Accelerator on the move,
but scientists compensate for tidal effects
BY ANDREI SERYI AND P.A.
MOORE
For the past 30 years, a
fixed landmark on the Peninsula for small planes and
commuters has been the two-mile-long linear accelerator
(linac) at Stanford. In reality, this fixture moves
daily, although commuters surely do not notice a movement
less than the width of a human hair. The movement results
from forces exerted by the sun, moon and tides. Though
scientists can make instrument corrections to ensure that
movements do not endanger experiments, the phenomenon
could influence decisions about where future accelerators
are built.
"With our instruments
we can see the push and pull of the ocean tides, and the
effects of atmospheric pressure on the tunnel where the
accelerator is housed," says Andrei Seryi, a
physicist at Stanford Linear Accelerator Center (SLAC).
"This kind of information will help with research
for a future machine."
That future machine is
called the Next Linear Collider, or NLC. Seryi is part of
the team working on R&D for the NLC. Its design calls
for a 20-mile length. Given its size, the NLC will not be
built at Stanford. Its location is a political decision,
since it depends on the countries involved and the
funding sources. Using electrons as a probe of matter,
the NLC will operate at an initial energy 10 times that
of SLAC, 500 billion electron volts (GeV) compared to
SLAC's 50 GeV. Higher energies will allow physicists to
study forces of nature beyond the so-called
"standard model" of current physics. The
billion-dollar project is still in the R&D phase. If
approved, construction could begin in 2004.
Subatomic particle
collision requires extreme precision. Movement could
cause particle beams to miss each other at the desired
collision point, so tunnel stability is important. The
world record of focusing electron beams was achieved at
the Final Focus Test Facility at SLAC. Beams were focused
to a 70-nanometer spot -- one-tenth the wavelength of
visible light and about 20 times smaller than the typical
beam size of the Stanford Linear Collider, an apparatus
used in previous SLAC experiments. The NLC would reduce
beam size by another factor of 20.
A major construction
consideration is what kind of tunnel to build.

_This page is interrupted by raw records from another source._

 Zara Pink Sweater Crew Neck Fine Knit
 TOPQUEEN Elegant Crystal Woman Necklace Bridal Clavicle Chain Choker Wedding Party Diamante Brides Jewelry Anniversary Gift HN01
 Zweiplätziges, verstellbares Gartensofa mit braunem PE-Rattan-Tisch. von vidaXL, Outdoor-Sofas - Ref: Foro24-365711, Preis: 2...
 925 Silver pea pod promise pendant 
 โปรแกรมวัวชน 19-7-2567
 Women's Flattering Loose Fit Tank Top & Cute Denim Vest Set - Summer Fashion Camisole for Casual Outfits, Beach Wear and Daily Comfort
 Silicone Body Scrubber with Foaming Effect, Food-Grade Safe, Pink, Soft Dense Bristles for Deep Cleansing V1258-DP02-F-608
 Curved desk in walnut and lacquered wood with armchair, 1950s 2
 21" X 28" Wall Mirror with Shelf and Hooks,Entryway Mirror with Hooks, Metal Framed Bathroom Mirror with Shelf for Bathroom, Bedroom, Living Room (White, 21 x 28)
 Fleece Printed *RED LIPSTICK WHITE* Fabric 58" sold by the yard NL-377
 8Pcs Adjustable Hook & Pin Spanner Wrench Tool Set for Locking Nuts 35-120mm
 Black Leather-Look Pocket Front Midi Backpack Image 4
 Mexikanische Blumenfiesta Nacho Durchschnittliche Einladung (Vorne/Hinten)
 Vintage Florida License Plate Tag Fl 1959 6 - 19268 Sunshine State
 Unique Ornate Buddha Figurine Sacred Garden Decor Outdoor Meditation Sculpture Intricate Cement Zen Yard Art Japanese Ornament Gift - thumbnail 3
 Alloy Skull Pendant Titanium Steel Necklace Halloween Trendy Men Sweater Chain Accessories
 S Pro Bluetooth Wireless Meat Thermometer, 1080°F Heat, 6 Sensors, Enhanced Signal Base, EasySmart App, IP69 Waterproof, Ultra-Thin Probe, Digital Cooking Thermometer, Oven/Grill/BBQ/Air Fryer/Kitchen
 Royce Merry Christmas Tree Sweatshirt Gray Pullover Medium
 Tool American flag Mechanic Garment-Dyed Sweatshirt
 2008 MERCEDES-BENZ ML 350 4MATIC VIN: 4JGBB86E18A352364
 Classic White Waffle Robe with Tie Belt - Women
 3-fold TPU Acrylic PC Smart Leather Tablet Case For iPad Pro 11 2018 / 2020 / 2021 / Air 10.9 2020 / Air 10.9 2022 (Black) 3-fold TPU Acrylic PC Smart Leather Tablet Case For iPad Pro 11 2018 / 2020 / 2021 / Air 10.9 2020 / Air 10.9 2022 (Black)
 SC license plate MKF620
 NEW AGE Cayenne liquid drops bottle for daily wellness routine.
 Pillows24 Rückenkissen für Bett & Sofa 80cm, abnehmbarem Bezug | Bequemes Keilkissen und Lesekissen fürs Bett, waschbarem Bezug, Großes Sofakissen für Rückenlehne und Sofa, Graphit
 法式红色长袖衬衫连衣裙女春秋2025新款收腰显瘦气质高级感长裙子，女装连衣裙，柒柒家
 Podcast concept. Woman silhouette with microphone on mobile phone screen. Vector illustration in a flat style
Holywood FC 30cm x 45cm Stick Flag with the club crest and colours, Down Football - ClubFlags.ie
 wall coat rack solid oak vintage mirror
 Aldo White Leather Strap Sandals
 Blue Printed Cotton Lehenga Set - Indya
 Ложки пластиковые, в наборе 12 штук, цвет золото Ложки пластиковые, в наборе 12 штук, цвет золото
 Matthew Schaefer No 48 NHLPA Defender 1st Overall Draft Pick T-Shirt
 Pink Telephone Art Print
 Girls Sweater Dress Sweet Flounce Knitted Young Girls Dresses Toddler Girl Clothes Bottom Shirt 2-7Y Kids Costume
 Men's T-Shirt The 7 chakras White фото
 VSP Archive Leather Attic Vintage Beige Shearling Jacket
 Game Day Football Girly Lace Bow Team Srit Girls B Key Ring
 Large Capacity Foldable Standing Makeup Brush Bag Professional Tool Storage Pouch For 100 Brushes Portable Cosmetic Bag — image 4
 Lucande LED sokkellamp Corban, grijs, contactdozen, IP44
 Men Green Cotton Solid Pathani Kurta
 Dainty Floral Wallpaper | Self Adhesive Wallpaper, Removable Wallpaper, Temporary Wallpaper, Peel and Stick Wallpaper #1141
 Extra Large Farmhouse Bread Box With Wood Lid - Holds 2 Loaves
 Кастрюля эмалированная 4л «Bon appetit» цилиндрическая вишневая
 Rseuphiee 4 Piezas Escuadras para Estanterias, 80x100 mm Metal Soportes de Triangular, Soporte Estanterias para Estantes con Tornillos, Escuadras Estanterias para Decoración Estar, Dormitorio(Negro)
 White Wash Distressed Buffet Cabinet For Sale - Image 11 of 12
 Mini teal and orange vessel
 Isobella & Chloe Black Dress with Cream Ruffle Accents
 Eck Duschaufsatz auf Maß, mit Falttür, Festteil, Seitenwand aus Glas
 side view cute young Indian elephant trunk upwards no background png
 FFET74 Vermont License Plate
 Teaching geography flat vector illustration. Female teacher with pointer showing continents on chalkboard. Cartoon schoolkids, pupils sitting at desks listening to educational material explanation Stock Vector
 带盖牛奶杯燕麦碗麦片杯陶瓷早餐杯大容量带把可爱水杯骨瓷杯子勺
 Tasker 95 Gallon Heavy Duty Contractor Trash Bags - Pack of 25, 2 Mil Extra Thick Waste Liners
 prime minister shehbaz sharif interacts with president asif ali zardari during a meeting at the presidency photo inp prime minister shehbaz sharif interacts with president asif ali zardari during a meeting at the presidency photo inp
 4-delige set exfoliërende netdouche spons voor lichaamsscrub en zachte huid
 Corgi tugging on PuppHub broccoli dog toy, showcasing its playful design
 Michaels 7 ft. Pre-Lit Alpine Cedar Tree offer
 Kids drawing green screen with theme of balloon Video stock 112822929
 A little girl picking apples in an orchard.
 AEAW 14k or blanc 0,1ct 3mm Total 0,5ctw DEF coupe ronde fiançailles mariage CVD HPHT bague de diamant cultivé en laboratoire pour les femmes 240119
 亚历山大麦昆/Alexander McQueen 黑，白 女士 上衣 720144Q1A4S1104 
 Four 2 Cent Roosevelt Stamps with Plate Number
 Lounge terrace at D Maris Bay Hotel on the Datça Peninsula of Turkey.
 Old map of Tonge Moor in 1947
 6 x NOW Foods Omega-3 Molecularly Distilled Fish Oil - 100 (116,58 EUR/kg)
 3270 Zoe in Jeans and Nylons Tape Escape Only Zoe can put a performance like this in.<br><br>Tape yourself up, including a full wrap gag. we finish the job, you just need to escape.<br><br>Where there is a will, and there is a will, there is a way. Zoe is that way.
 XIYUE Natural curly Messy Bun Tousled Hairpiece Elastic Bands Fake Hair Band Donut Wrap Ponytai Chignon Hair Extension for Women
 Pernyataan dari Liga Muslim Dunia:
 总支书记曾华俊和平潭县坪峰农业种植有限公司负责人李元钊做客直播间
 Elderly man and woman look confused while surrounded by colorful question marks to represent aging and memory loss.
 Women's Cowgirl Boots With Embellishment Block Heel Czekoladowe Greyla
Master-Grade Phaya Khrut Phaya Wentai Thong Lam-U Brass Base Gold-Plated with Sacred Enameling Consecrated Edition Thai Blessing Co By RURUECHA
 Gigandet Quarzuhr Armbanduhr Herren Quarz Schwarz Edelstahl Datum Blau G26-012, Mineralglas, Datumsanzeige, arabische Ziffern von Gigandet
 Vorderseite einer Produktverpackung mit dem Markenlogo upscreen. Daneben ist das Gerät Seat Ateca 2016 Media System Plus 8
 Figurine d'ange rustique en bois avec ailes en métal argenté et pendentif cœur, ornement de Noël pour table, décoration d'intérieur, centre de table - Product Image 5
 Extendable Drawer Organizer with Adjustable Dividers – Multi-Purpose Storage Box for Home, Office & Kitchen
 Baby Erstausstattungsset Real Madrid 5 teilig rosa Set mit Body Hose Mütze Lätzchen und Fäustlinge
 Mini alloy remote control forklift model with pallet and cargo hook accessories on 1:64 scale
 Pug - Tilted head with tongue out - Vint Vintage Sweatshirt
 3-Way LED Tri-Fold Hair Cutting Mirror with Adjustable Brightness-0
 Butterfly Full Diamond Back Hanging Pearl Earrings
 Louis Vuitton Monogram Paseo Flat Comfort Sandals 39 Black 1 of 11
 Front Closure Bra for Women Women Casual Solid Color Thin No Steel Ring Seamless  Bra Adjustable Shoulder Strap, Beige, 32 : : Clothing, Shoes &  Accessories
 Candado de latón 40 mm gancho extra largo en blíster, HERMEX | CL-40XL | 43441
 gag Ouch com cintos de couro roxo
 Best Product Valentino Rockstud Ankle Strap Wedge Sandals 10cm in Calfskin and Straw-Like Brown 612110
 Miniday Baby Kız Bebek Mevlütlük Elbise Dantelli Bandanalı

Options
include cutting a tunnel in the dirt and covering it
after it is filled with the accelerator pipe (the
technique used for the SLAC linac) or boring a hole into
bedrock (the method chosen for the now defunct
Superconducting Supercollider in Texas). A cut-and-cover
tunnel is cheaper and easier to build, but the stability
of such a tunnel must be carefully investigated. The SLAC
linac tunnel is an ideal test site for such studies.
Scientists have studied
movement of the SLAC tunnel in the past. "Our linac
tunnel has a laser alignment system, so it's a unique
location for studying long-term relative transverse
motion over long distances," says physicist Chris
Adolphsen. Physicist Gordon Bowden performed tunnel
stability measurements for periods from several minutes
to a day in November 1995. Repeating these measurements
over much longer periods of time filled in a missing gap
in the data.
"By cross-correlating
the measured data with other parameters like atmospheric
pressure, we can determine which factors are partly
responsible for tunnel motion," says Seryi, who
conducted research during the holiday break in December
when the accelerator was shut down. The data acquisition
system recorded transverse deformation of the tunnel
center with respect to its ends every second for a month.
The measurements revealed
several unexpected facts. One is that the observed motion
has very clear daily and half-daily periods. Detailed
analysis confirmed that this motion is indeed tidal --
that is, produced by gravitational attraction of the moon
and sun on the Earth.
The amplitude of the
observed tidal motion was surprisingly large -- about 10
microns, or a hundred times larger than expected. This
anomaly is explained by SLAC's location near the Pacific
Coast. When the ocean tides change the water level at the
shore, this water produces additional pressure that
increases the deformation of the nearby Earth. Called
"ocean loading," this phenomenon has been known
to geophysicists for more than 30 years.
This is only the second
observation of the impact of tidal motions on an
accelerator -- the first being at CERN physics laboratory
in Geneva. CERN scientists noticed tiny changes in the
energy of the beam of particles in a machine called LEP
(for Large Electron-Positron Collider), and, with the
help of SLAC's Gerry Fischer (now deceased), were able to
correlate these changes with the phases of the moon.
As the Earth stretches
periodically from tidal forces, the LEP machine stretches
a few millimeters from its circumference of about 27
kilometers. The transverse tidal deformation observed at
SLAC is much smaller and would be nearly undetectable if
not enhanced by ocean loading. The 10 microns of SLAC
movement are equivalent to about one-half of
one-thousandth of an inch. This type of precision and
more is necessary to collide subatomic particles.
While knowing about tidal
deformations aids in building the future linear collider,
such deformations are of little real concern to
experimentalists. "Tidal motion is slow, very
predictable and has quite a long wavelength, all of which
make it quite harmless to our current machine or to a
future machine," says Seryi.
Another unexpected
observation that could have more impact on tunnel
construction and a future collider site was the influence
of atmospheric pressure variations on tunnel deformation.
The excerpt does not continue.